ASSIGNED TASK:
Find every line in the entries that holds the string "pour" and report it.

= Beginning of Section =

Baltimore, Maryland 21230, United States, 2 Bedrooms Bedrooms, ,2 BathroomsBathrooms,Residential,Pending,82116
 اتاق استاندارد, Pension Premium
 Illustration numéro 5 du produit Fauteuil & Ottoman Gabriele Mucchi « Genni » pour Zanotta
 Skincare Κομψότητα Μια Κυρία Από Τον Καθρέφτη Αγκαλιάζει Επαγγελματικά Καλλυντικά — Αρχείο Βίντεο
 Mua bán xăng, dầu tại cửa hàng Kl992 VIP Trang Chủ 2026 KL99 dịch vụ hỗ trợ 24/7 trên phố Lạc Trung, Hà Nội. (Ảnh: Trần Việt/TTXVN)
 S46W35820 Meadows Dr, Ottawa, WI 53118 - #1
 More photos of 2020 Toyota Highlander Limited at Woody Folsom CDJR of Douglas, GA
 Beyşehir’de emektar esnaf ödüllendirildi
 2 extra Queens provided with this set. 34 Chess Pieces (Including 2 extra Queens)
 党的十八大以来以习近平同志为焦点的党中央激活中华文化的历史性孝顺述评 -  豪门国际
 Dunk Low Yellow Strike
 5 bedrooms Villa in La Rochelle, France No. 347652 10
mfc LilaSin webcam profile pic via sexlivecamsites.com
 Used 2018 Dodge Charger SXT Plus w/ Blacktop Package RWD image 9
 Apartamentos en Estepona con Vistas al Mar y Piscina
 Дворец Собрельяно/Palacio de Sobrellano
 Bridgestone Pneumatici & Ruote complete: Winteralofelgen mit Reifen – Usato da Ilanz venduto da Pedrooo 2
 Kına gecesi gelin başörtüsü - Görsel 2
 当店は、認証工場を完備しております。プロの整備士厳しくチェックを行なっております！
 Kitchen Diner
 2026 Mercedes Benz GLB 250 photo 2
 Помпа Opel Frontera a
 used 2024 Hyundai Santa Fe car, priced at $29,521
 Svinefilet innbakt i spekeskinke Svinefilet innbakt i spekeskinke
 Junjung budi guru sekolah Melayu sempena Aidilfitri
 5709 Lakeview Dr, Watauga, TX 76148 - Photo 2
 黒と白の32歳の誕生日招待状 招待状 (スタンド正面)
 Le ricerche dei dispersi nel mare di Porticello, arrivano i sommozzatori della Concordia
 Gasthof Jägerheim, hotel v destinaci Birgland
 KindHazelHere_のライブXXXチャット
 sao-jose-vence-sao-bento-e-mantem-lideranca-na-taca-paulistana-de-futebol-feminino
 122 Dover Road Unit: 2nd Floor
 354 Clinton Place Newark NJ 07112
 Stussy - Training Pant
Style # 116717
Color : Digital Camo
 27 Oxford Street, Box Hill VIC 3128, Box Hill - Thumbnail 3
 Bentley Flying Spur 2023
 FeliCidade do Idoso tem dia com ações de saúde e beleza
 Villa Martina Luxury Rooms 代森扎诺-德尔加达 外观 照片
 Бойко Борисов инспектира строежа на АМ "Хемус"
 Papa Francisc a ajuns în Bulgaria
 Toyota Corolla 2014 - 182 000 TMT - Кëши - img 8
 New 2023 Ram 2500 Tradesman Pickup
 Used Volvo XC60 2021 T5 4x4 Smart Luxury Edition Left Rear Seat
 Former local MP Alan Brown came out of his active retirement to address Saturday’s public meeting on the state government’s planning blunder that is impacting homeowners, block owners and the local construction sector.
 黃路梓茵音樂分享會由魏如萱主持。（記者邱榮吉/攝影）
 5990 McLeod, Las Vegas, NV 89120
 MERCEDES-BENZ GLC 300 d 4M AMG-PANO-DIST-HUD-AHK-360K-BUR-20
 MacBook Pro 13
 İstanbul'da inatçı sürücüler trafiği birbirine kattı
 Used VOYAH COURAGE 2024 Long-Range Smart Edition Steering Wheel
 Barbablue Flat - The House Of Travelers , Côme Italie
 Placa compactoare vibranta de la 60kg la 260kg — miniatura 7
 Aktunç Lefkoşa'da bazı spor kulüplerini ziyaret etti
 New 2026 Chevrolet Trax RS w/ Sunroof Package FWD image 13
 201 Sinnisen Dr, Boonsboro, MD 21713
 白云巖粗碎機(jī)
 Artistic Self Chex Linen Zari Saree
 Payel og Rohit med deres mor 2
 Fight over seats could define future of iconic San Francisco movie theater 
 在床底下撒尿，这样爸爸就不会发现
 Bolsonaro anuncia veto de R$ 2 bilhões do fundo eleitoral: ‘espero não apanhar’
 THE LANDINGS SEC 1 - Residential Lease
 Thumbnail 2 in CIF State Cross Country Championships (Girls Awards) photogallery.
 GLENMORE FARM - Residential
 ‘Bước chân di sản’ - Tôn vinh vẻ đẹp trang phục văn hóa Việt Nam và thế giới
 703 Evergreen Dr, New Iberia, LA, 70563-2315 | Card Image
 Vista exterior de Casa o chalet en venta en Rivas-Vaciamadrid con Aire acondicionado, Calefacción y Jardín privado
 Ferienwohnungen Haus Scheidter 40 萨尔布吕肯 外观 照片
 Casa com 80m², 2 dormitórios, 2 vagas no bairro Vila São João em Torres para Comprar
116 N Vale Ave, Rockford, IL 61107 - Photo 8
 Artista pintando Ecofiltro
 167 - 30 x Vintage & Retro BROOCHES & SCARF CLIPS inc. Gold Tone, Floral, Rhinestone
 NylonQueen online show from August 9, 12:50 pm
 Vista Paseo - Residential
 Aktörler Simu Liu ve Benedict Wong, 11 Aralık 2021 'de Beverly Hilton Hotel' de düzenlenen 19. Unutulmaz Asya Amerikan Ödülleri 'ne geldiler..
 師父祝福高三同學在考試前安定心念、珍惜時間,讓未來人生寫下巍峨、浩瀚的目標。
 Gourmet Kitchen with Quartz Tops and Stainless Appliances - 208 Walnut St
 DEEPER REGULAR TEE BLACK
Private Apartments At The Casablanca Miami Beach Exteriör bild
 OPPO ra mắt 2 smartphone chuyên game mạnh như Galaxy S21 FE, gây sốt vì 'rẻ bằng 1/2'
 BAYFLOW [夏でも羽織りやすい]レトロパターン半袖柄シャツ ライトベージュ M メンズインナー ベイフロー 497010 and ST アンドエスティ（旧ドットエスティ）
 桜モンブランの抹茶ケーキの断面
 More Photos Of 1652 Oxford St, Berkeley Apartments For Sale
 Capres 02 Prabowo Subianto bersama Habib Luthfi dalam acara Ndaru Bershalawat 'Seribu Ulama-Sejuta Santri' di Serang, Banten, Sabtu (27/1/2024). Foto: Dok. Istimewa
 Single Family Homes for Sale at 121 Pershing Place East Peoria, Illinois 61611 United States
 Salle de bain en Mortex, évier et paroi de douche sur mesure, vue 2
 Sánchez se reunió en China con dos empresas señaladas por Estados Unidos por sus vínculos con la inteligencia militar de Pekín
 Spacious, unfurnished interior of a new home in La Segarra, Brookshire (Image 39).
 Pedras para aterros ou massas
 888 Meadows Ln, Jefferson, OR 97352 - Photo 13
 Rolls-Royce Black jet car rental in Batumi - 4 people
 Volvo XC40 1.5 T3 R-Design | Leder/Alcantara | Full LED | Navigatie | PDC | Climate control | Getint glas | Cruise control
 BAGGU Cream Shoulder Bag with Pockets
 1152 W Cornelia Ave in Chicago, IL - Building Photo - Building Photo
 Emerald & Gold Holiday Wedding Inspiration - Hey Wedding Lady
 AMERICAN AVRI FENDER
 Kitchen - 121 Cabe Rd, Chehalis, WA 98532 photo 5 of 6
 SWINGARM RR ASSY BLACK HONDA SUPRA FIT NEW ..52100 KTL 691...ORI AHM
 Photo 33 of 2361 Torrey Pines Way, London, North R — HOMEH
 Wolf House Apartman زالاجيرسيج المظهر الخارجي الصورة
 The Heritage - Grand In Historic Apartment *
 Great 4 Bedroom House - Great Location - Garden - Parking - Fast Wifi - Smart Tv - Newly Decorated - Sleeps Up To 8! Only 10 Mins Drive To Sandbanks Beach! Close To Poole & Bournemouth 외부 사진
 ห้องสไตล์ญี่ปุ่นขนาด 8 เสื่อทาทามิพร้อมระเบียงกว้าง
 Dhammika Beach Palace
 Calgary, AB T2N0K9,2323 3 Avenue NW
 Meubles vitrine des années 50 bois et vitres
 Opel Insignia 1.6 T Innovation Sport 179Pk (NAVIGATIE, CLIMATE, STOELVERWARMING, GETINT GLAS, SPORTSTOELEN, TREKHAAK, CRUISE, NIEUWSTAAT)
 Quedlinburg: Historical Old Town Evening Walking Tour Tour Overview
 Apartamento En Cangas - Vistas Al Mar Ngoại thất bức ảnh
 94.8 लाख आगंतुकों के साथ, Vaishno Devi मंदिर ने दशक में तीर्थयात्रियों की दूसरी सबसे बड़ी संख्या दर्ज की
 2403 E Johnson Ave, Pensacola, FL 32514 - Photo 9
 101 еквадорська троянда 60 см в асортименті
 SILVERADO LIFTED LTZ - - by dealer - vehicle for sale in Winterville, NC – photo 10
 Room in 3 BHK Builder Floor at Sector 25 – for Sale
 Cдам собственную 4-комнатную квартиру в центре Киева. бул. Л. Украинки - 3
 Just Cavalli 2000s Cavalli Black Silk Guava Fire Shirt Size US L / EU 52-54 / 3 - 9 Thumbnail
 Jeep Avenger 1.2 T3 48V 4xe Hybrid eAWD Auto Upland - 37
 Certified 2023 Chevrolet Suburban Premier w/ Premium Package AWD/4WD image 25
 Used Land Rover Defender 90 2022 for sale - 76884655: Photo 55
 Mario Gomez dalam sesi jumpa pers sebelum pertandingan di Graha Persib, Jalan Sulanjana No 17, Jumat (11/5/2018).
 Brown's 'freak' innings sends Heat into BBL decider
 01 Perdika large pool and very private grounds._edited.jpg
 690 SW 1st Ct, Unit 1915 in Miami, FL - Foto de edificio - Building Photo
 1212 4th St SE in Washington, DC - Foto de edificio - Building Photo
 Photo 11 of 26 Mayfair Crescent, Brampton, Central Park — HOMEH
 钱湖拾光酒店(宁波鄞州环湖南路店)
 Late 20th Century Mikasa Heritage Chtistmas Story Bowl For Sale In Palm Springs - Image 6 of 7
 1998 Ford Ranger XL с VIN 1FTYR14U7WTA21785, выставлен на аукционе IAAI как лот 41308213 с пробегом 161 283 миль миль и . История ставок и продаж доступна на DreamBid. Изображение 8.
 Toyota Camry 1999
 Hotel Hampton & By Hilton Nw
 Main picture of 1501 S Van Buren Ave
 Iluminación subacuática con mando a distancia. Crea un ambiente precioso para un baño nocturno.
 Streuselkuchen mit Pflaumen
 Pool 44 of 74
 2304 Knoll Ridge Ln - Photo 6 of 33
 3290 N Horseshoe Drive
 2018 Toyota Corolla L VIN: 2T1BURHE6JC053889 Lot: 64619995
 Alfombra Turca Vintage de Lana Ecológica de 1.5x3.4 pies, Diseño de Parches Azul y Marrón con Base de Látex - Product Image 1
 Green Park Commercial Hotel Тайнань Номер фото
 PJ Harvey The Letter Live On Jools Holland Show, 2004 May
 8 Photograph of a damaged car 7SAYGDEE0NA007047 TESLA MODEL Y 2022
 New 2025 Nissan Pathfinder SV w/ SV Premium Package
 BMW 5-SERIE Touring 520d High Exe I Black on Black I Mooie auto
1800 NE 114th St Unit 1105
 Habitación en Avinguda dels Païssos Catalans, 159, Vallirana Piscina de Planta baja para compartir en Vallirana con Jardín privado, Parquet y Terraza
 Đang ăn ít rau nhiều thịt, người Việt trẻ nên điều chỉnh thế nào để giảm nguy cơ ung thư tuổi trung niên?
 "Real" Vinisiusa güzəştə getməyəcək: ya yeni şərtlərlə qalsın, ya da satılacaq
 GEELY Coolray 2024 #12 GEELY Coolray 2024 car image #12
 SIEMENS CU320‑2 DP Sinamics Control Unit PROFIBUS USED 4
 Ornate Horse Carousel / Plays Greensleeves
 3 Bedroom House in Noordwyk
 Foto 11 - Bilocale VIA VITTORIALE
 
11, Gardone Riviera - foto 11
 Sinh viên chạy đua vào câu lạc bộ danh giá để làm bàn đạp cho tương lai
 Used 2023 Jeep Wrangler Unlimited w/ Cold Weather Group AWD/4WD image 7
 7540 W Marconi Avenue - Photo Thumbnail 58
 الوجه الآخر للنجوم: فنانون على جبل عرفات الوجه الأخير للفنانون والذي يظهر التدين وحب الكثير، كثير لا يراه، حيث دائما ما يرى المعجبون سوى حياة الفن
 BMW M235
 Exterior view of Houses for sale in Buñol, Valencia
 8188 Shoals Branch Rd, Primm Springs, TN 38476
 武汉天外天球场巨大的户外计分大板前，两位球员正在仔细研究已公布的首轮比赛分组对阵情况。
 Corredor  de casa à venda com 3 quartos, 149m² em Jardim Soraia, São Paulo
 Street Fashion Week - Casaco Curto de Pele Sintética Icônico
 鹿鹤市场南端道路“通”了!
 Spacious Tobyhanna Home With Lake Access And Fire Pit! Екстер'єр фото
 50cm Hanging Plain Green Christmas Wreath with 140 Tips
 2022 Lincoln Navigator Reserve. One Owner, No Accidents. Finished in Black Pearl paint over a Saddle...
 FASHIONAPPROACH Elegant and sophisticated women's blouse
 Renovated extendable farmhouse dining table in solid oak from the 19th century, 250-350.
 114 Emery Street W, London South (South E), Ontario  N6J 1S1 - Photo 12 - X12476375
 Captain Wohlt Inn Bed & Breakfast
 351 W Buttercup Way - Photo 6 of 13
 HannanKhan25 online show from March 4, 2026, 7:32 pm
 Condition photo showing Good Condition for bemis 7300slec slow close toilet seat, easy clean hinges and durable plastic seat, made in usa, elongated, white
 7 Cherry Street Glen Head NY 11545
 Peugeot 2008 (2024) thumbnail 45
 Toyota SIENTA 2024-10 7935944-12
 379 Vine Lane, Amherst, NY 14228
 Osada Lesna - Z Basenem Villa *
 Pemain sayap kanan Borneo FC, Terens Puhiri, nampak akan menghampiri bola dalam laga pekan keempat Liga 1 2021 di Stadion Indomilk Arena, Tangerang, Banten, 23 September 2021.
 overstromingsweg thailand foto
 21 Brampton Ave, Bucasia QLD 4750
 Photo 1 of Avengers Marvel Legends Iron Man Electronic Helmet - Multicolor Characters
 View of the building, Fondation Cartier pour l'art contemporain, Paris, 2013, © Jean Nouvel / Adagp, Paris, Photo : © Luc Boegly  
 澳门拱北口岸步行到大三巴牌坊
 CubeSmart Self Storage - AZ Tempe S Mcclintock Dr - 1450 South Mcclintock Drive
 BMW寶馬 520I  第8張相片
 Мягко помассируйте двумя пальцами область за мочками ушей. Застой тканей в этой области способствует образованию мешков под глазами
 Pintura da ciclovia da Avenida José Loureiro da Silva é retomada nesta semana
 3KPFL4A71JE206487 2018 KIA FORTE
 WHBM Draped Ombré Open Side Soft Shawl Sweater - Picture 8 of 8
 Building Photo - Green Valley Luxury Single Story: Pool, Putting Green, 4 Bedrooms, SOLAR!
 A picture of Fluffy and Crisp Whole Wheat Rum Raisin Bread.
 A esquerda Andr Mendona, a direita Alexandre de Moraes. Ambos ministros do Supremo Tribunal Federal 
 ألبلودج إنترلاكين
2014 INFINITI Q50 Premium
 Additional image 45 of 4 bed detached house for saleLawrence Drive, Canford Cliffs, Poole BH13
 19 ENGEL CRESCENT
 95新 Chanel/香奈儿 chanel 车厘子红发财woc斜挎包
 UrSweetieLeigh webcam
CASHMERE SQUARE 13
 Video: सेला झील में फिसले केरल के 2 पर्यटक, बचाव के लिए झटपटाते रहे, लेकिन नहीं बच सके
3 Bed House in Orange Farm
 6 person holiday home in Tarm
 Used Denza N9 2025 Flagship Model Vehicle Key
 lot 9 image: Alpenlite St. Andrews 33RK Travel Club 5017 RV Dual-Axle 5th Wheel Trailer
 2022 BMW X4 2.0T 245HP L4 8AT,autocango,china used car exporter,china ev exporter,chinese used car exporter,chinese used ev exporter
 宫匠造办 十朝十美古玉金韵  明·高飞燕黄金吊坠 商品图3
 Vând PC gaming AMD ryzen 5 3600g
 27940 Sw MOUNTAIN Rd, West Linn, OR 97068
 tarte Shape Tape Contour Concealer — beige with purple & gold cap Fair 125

= End of Section =

REPLY TO THE EXERCISE:
 Illustration numéro 5 du produit Fauteuil & Ottoman Gabriele Mucchi « Genni » pour Zanotta
 View of the building, Fondation Cartier pour l'art contemporain, Paris, 2013, © Jean Nouvel / Adagp, Paris, Photo : © Luc Boegly  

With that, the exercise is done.